[Records for the task]
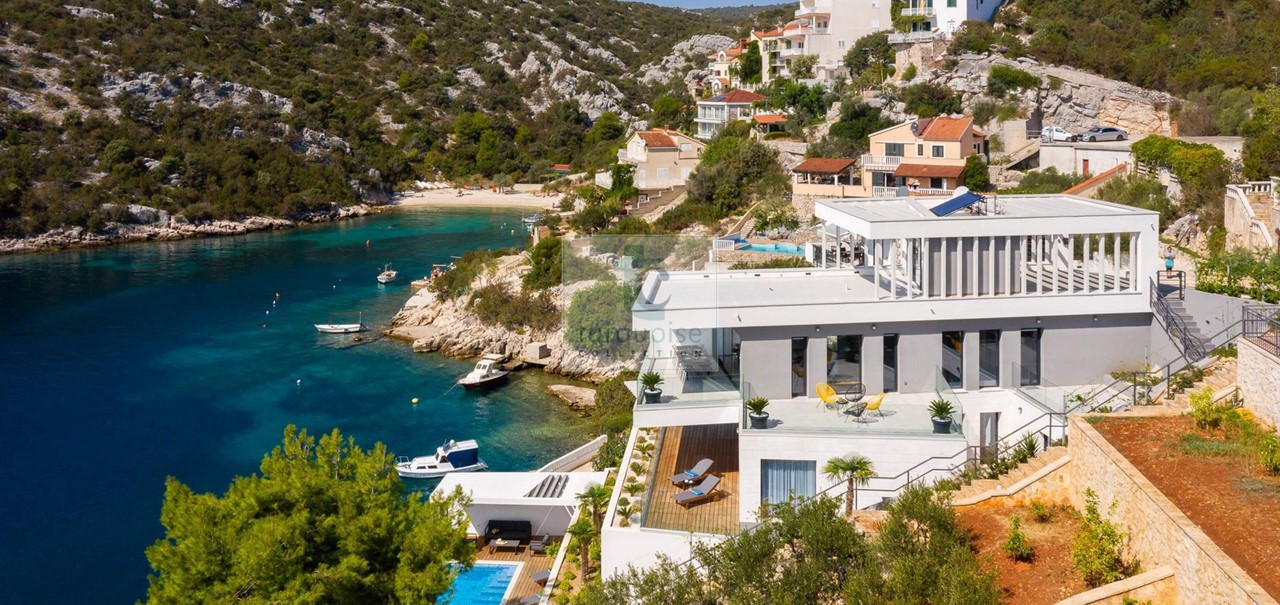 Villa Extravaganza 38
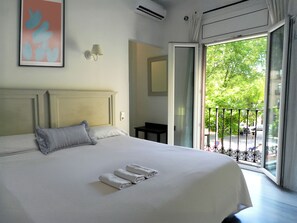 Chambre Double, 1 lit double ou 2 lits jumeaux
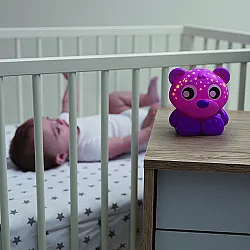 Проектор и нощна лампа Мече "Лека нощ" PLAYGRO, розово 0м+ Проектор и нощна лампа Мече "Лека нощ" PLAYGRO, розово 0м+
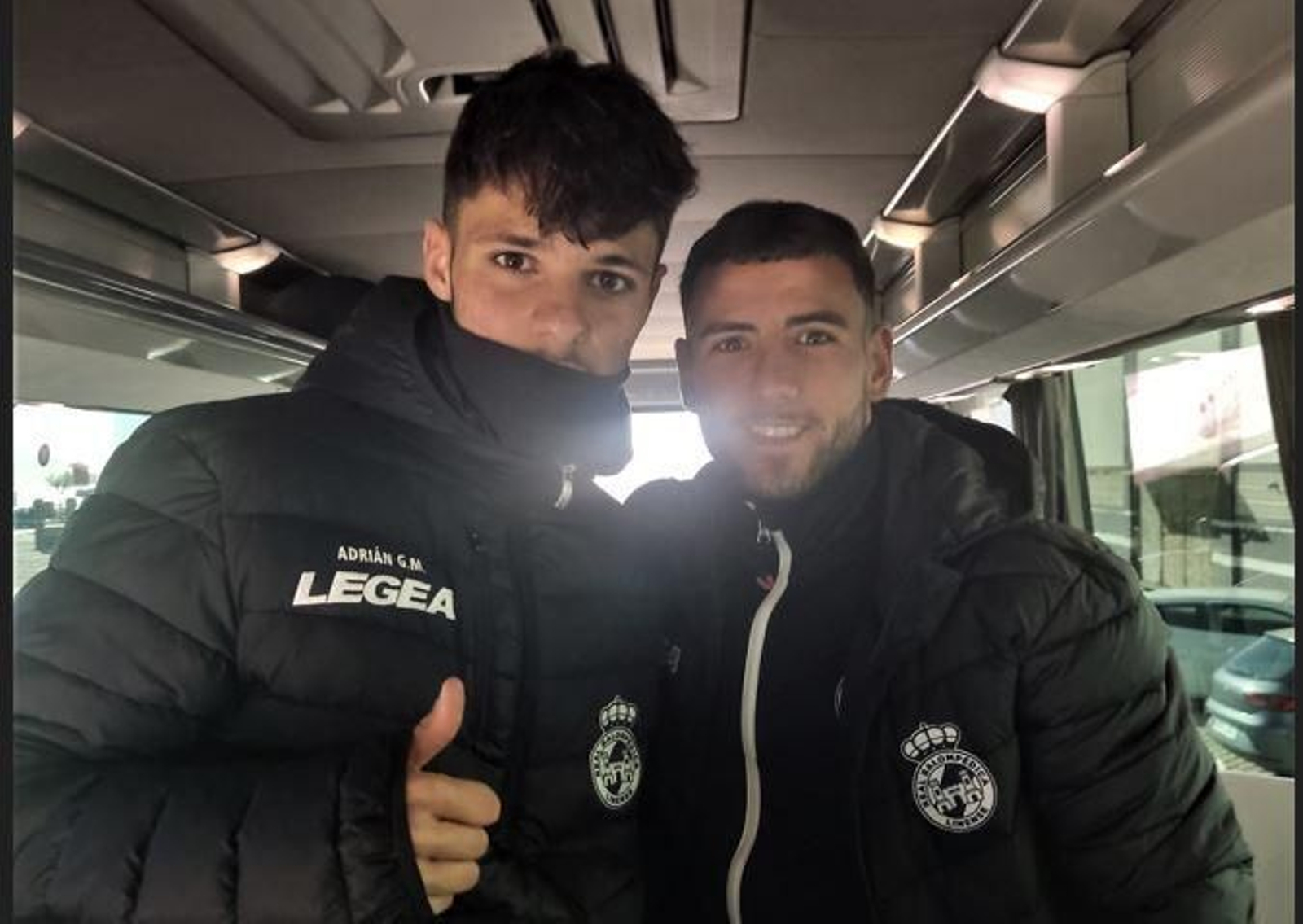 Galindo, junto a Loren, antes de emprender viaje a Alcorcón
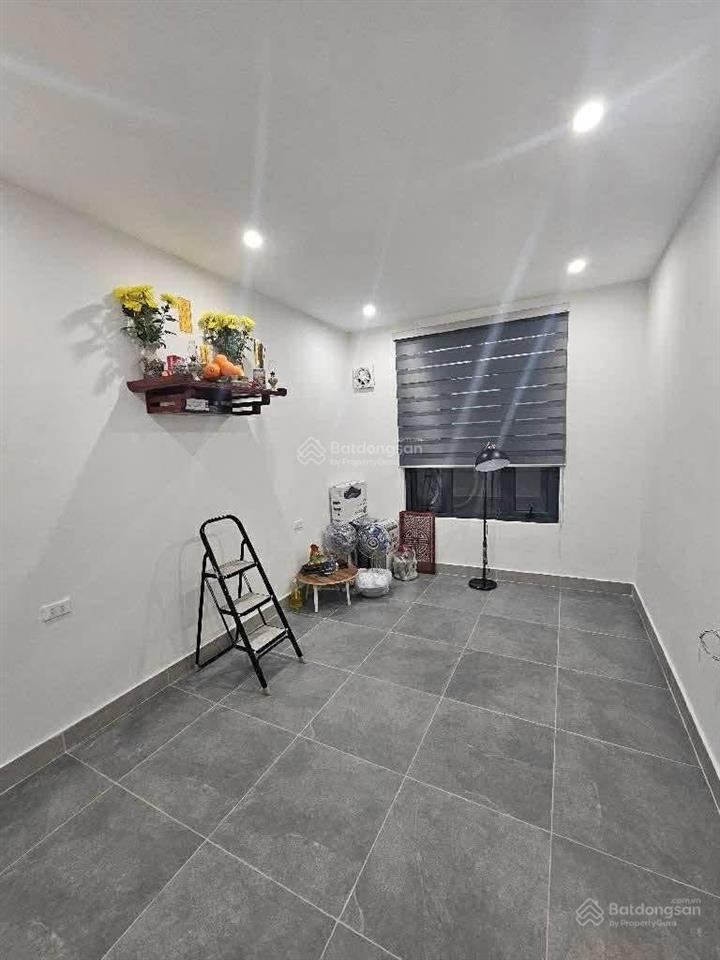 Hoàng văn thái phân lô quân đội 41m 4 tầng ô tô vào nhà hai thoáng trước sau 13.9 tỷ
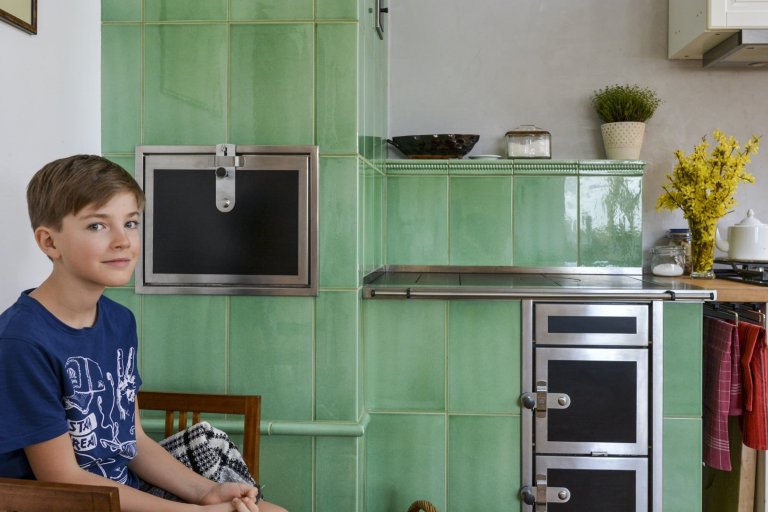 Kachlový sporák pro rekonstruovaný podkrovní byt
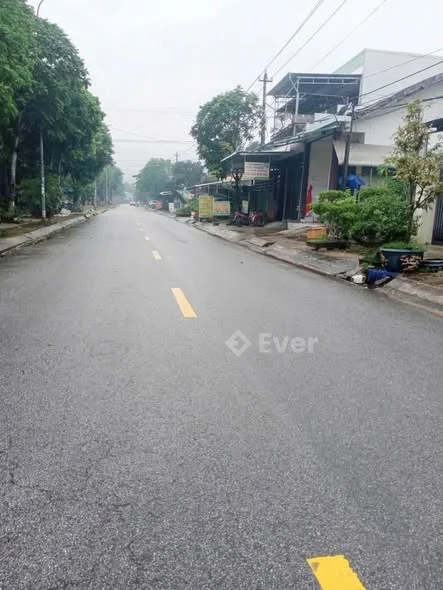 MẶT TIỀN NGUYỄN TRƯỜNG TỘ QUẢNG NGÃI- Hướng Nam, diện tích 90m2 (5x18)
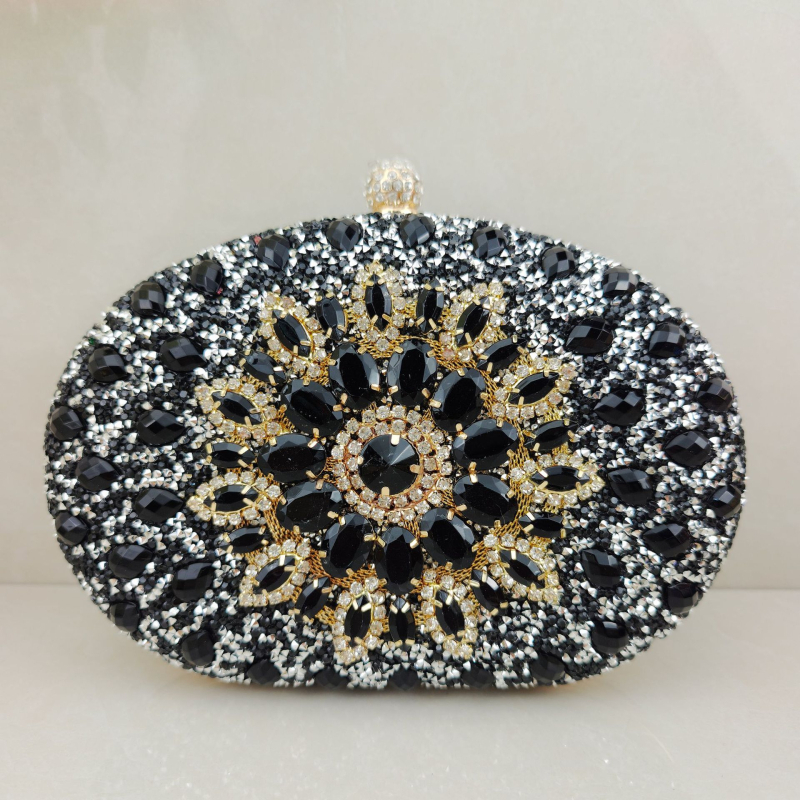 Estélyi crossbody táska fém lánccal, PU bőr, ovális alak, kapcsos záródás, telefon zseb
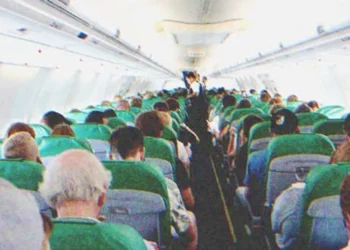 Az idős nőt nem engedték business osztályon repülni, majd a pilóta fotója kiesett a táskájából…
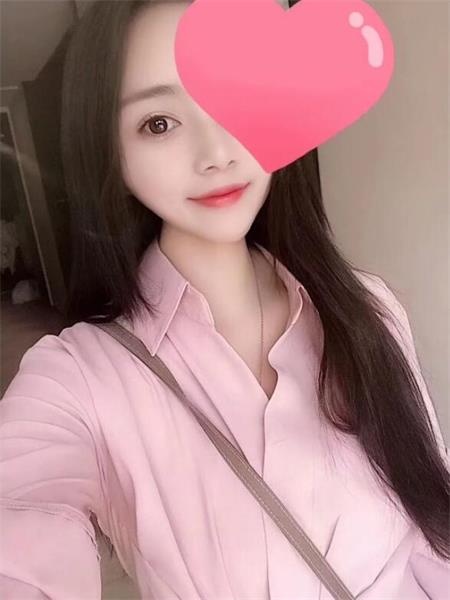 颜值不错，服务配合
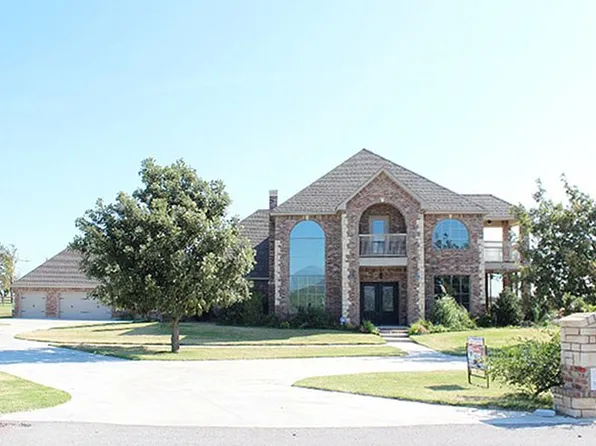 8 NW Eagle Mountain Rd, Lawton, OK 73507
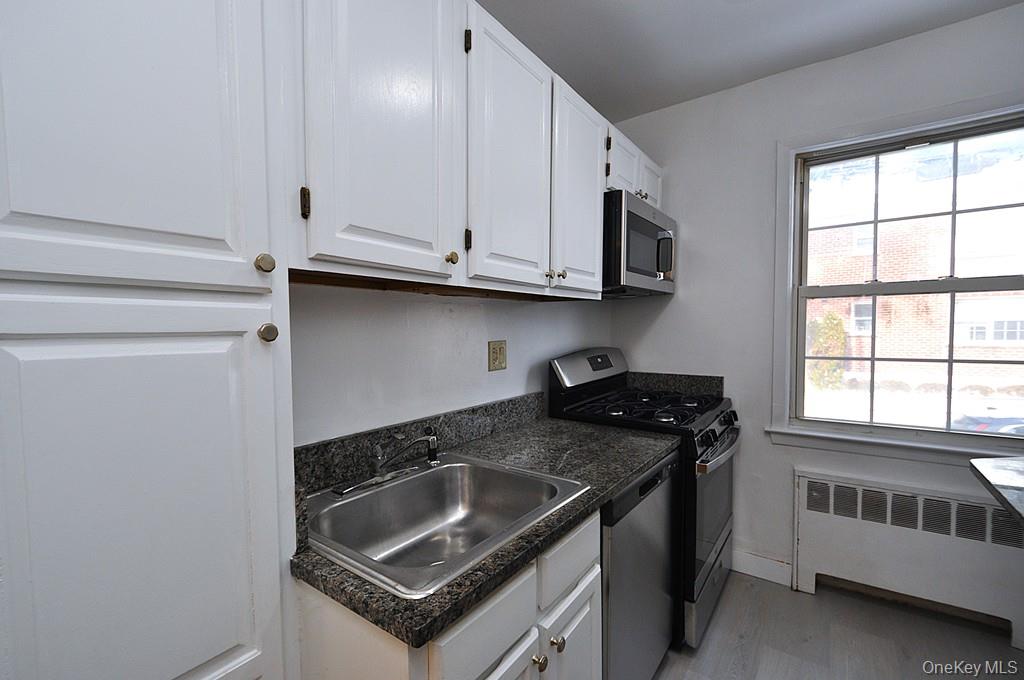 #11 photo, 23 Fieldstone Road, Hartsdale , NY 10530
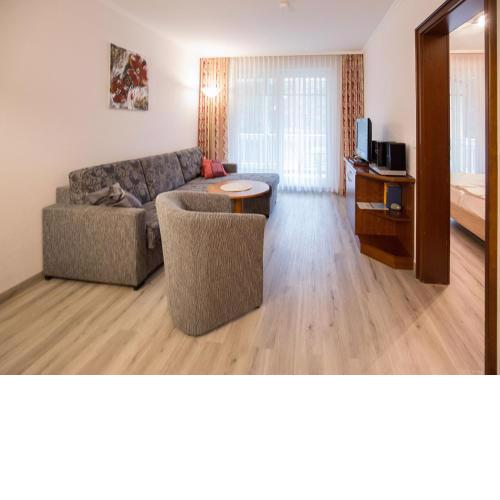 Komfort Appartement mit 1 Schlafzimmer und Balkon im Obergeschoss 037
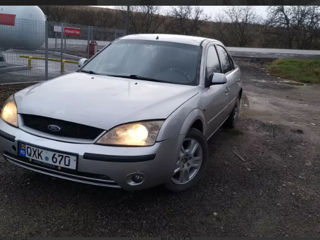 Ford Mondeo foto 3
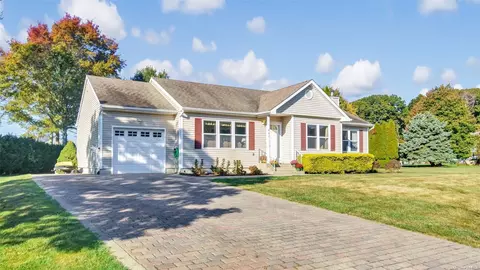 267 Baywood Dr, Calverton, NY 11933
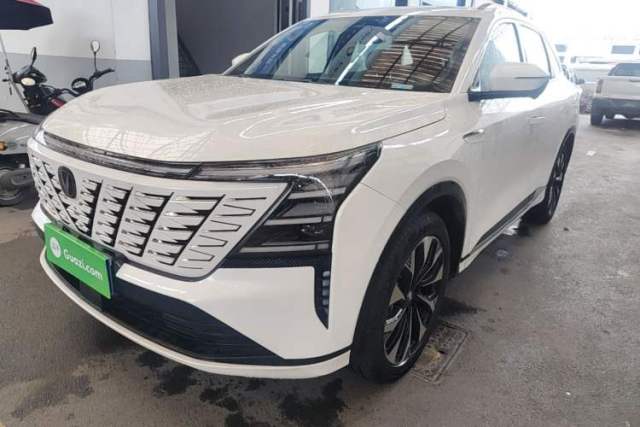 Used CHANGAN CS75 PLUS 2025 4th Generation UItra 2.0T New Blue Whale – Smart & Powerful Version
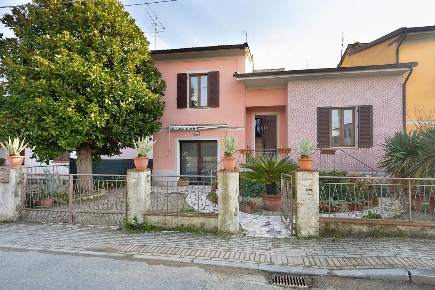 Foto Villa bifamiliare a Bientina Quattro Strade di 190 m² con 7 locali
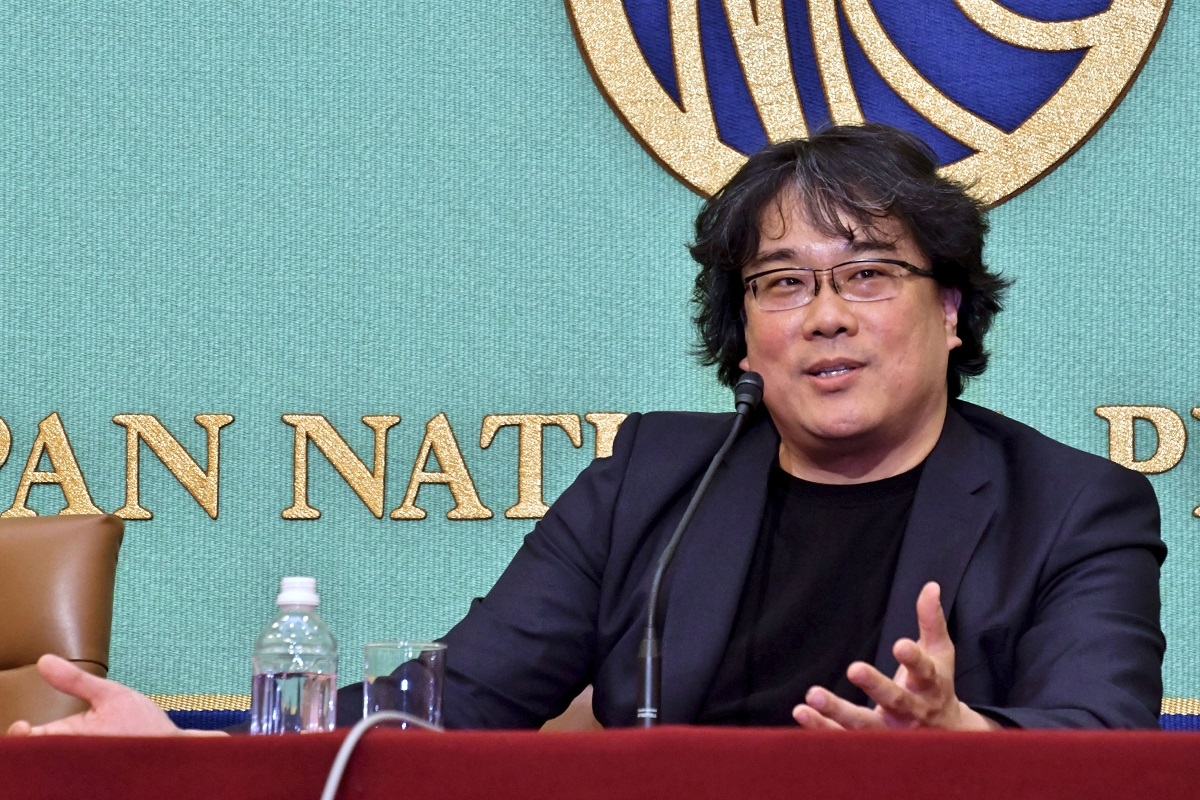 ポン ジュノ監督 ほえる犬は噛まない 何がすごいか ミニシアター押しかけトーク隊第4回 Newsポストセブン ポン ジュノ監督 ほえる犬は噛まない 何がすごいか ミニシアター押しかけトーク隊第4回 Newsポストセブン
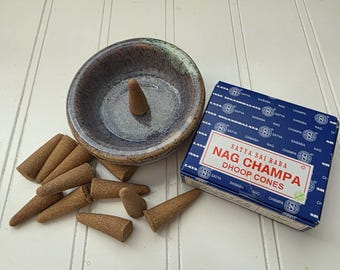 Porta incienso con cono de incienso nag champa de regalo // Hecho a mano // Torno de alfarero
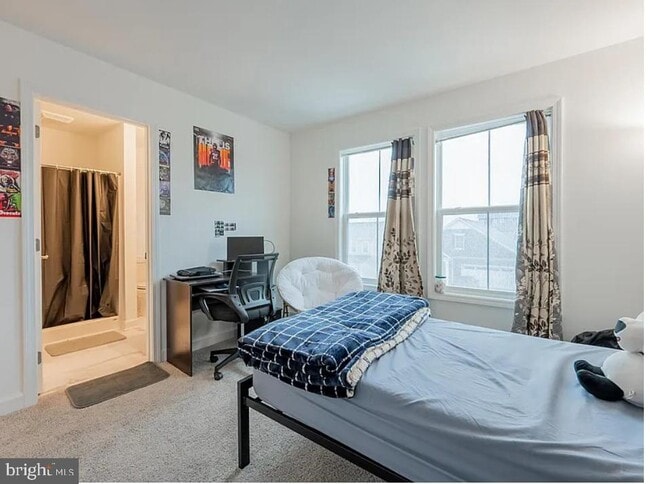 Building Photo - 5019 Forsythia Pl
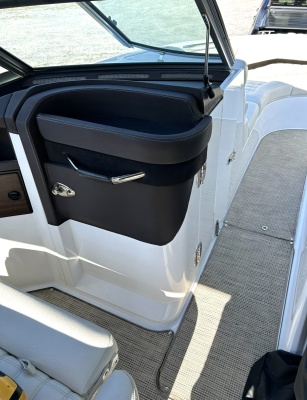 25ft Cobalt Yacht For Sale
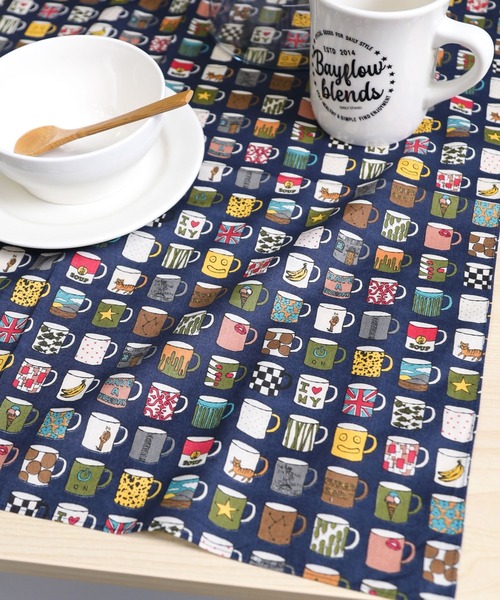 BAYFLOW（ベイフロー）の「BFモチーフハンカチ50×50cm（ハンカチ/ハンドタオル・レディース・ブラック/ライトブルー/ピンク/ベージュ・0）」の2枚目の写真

[What the exercise asks]
Exactly restate the lines from the beginning of the data through the line with "Estélyi crossbody táska", and no others, keeping pictures out.

[Task output]
 Villa Extravaganza 38
 Chambre Double, 1 lit double ou 2 lits jumeaux
 Проектор и нощна лампа Мече "Лека нощ" PLAYGRO, розово 0м+ Проектор и нощна лампа Мече "Лека нощ" PLAYGRO, розово 0м+
 Galindo, junto a Loren, antes de emprender viaje a Alcorcón
 Hoàng văn thái phân lô quân đội 41m 4 tầng ô tô vào nhà hai thoáng trước sau 13.9 tỷ
 Kachlový sporák pro rekonstruovaný podkrovní byt
 MẶT TIỀN NGUYỄN TRƯỜNG TỘ QUẢNG NGÃI- Hướng Nam, diện tích 90m2 (5x18)
 Estélyi crossbody táska fém lánccal, PU bőr, ovális alak, kapcsos záródás, telefon zseb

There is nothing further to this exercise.